Similarly here, "holographically dual" means that you can derive important properties of matter inside some volume from properties which are observable on the boundary surface of that volume. What are those properties is another matter - but this duality principle says that there is a certain relation between them.
So, let's imagine you have a function that takes a phase space (ie, the positions, momentum, etc of a bunch of particles in normal 3+1 space time) as an argument and produces an evolution of that phase space in time. It's got a bunch of rules in the function regarding gravity.
Now imagine you've new function, which also takes a phase space as an argument, but instead of operating in 3 spacial dimensions, it has five. And that it doesn't have any rules regarding gravity.
Now imagine, you have a one to one mapping between states in those functions. So you can take a state in 3d space, translate it to 4d space -- run both functions for the same amount of time, and they both should produce states which you can still map to each other.
To my computer scientist mind this can easily be a parallel to checksum and hashing. Quantum error correction is analogous to using checksum to validate file integrity. Memory chips use similar schemes (ie parity bits) to correct errors. The same is being applied to quantum computing, ie. a sort of quantum hashing scheme based on (spacial) logic gates.
Now new research is being conducted where this quantum hashing scheme could be used to solve some of physics hardest problems. One of them could be Hawkins paradox, where "data" gets corrupted while being "processed" by a black hole. Maybe, scientists argue, error correcting data is stored at the black hole entrance so that it can be somehow applied as correcting code at the exit, ie when Hawkins radiation is released.
Or maybe the entire universe has gone through a hashing function and now there's error correcting code keeping information error-free using the "hash value". That's what the boundary stores that describes the bulk in certain theoretical universes.
Hashes have always fascinated me. The fact that a relatively short binary sequence can uniquely describe all of Shakespeare's works. What if we could completely reverse hashes, creating the most powerful compression ever? Well quantum physicists just might do that at cosmic scales!
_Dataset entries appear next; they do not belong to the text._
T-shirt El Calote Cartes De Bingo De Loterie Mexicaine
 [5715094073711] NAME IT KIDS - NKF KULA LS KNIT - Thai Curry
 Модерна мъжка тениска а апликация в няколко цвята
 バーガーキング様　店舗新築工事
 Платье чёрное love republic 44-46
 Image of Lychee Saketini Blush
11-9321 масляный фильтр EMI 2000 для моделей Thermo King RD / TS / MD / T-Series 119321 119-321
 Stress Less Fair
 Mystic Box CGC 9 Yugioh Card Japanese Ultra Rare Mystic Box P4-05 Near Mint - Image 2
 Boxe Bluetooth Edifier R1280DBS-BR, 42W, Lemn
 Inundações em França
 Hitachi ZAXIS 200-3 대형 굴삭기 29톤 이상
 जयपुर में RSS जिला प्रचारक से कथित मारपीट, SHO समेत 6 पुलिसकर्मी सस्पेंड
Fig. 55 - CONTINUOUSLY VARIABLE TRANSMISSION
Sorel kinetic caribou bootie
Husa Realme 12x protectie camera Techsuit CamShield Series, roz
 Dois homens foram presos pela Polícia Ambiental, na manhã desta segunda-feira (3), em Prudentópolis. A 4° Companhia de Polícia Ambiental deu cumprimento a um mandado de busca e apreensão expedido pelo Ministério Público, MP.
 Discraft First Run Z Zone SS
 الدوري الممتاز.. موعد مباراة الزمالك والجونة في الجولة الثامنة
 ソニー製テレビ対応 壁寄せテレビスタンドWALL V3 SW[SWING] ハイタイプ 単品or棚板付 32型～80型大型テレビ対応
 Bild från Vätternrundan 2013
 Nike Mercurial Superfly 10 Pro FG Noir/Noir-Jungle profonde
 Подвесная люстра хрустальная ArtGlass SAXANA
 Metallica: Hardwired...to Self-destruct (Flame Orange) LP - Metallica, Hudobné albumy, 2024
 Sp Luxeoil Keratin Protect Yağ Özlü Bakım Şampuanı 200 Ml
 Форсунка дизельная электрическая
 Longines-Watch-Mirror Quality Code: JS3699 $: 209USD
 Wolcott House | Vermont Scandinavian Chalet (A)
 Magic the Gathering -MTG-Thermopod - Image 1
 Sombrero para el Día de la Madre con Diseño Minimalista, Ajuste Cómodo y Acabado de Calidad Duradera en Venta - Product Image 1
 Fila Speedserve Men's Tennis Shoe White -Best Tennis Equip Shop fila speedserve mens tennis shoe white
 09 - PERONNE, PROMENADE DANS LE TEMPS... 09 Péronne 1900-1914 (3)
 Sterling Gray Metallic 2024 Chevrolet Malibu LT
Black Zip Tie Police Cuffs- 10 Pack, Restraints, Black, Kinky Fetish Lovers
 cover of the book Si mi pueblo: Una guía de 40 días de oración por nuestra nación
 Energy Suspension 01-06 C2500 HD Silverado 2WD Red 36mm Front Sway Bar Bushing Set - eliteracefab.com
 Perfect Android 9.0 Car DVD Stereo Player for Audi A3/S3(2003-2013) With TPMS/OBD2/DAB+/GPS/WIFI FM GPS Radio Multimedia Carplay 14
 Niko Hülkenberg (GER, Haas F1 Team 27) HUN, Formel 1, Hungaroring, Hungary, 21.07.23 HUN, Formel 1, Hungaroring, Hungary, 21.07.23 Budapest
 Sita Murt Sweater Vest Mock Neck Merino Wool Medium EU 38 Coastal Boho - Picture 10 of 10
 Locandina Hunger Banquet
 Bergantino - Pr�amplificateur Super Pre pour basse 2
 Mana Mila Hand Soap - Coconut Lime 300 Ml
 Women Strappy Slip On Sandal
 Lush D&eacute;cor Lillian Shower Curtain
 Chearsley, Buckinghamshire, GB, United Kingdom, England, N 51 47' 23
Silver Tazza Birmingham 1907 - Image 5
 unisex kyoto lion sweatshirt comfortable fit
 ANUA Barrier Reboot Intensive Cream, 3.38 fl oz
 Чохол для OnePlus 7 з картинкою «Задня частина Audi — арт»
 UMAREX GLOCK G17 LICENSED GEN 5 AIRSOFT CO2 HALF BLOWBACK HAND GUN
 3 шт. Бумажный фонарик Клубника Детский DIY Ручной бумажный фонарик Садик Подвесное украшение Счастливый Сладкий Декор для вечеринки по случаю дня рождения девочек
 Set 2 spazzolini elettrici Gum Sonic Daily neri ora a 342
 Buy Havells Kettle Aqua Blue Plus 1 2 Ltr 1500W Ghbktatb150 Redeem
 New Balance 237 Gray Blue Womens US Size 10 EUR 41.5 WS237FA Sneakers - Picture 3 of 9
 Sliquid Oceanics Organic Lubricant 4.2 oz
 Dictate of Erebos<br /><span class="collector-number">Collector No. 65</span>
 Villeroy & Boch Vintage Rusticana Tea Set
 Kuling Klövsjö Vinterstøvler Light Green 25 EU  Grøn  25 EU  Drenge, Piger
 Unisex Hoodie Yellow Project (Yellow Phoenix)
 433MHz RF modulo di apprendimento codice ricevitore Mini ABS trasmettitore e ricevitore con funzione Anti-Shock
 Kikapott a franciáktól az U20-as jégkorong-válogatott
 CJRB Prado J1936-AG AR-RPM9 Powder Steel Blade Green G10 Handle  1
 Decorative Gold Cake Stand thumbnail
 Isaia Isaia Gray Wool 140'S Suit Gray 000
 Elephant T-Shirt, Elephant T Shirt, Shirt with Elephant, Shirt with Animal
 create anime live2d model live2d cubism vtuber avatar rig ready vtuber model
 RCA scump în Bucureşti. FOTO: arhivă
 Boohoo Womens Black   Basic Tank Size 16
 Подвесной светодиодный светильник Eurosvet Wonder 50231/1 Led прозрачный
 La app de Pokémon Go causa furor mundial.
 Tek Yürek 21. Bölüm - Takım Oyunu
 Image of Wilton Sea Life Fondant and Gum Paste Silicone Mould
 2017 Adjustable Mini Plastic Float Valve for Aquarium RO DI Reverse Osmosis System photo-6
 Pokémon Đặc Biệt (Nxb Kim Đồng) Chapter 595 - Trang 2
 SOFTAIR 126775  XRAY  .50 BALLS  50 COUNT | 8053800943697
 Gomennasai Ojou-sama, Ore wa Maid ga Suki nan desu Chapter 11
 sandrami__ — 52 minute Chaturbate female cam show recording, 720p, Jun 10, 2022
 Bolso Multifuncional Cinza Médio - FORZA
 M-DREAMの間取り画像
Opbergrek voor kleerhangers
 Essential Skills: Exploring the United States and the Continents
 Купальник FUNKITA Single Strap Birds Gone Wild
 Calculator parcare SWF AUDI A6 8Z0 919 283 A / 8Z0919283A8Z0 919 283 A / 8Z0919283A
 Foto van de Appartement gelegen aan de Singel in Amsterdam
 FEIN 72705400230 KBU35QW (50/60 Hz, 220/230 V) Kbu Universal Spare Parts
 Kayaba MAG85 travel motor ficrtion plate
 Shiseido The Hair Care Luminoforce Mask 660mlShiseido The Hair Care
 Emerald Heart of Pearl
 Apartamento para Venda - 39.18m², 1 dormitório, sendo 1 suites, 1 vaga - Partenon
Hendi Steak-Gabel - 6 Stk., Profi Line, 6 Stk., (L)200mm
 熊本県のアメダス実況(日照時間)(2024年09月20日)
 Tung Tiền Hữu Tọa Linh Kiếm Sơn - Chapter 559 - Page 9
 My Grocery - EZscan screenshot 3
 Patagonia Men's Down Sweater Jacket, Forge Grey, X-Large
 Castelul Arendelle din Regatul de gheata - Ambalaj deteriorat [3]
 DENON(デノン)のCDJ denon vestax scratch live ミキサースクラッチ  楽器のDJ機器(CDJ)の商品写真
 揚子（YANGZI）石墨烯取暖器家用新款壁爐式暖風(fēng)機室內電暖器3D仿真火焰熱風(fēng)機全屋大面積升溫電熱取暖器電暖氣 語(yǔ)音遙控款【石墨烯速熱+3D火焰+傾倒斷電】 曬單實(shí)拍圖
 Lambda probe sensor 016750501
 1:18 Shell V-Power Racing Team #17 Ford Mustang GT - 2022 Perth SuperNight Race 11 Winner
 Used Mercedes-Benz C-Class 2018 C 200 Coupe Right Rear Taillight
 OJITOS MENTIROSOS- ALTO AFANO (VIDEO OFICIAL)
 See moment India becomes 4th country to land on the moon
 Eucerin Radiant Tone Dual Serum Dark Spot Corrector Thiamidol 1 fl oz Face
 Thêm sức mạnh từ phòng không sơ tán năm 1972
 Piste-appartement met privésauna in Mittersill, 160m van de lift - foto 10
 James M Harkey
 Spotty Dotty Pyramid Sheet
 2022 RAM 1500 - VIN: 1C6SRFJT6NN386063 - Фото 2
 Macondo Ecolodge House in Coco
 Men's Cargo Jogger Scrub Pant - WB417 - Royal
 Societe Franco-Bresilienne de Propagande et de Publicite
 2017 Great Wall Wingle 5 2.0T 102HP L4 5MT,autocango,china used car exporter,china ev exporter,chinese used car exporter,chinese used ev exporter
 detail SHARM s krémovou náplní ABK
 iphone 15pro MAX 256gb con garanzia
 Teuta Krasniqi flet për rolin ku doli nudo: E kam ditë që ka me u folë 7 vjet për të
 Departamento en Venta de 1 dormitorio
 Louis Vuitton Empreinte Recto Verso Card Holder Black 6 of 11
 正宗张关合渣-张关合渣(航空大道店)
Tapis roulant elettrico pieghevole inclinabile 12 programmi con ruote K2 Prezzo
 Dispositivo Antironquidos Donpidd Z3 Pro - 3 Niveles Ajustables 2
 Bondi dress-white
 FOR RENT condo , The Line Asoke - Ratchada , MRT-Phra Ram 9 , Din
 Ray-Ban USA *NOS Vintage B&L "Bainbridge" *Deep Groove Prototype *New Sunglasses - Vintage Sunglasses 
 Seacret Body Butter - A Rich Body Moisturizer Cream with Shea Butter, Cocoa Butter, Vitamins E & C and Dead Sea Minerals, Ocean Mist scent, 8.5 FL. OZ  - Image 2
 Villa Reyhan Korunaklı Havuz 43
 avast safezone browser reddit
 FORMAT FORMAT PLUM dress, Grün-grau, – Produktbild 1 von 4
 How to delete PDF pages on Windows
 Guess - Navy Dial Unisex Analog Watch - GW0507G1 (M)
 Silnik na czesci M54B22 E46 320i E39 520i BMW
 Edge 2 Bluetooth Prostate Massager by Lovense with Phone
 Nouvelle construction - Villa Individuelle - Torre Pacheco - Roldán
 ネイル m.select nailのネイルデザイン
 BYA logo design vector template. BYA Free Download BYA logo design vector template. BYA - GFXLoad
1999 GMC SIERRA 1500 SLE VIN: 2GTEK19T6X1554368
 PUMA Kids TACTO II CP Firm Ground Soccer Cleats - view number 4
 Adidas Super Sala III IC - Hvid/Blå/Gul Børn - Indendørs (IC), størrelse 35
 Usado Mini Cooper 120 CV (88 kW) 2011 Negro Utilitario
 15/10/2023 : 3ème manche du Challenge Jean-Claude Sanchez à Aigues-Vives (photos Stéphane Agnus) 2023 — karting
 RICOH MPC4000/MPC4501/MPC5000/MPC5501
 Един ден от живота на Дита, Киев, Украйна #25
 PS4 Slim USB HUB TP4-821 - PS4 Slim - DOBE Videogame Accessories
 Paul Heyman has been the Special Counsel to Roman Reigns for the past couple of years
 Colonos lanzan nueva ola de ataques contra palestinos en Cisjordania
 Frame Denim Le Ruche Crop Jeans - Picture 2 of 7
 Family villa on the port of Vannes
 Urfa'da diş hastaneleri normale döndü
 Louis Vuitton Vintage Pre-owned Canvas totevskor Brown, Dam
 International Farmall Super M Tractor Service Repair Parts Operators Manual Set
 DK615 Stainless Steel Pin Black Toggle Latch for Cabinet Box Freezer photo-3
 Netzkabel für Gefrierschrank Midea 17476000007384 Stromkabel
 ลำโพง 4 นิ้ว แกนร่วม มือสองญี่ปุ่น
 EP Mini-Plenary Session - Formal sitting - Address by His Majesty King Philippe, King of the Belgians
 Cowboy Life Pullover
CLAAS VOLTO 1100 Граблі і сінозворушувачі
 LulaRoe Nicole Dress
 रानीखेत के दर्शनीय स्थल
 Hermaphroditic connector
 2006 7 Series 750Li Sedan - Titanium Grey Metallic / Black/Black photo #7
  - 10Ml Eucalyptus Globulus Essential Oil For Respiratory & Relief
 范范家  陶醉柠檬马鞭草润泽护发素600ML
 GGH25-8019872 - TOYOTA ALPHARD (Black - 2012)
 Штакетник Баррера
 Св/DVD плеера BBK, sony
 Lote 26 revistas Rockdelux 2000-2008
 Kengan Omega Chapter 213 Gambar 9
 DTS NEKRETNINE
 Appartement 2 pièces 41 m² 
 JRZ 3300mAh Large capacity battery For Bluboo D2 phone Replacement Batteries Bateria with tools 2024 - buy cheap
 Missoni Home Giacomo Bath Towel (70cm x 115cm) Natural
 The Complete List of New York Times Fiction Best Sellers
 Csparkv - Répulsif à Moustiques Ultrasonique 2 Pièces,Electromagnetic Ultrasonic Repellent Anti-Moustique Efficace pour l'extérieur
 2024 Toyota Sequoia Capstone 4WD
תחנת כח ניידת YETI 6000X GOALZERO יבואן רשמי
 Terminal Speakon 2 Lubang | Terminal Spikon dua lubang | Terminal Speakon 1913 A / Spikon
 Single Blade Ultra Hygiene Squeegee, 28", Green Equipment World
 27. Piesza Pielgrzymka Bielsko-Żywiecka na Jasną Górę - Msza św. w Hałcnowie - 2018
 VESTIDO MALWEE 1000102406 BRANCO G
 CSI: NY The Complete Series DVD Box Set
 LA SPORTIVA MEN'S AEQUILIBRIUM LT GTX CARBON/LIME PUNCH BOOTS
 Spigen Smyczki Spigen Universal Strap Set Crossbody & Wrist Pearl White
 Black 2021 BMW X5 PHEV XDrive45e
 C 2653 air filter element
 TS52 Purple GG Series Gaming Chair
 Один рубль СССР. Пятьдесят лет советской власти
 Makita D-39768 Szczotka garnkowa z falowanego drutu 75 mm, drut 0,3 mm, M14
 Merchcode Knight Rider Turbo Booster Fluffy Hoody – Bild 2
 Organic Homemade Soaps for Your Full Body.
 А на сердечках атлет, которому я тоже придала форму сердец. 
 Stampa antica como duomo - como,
"Boundary" refers to the boundary of Anti-de Sitter (AdS) space. The model that is typically studied is that of five-dimensional AdS space for which the boundary is four-dimensional. One can now formulate a quantum field theory on this boundary that is "dual" to the theory in the interior in the sense that there is precise dictionary between quantities living on the boundary and quantities in the interior ("the bulk"). "Holographically" refers to the difference in dimensions of the theory living on the boundary and the one living in the bulk.
Its cod profundity which the author shouldn't have attempted to popularize. People haven't even demonstrated quantum error correction in a single qubit in an actual quantum computer, and suddenly it's the source of space and time. Chyeah, dude; whaddevah.
The model universes they're talking about, FWIIW, are all just models, with very little relationship to the world of matter we all live in.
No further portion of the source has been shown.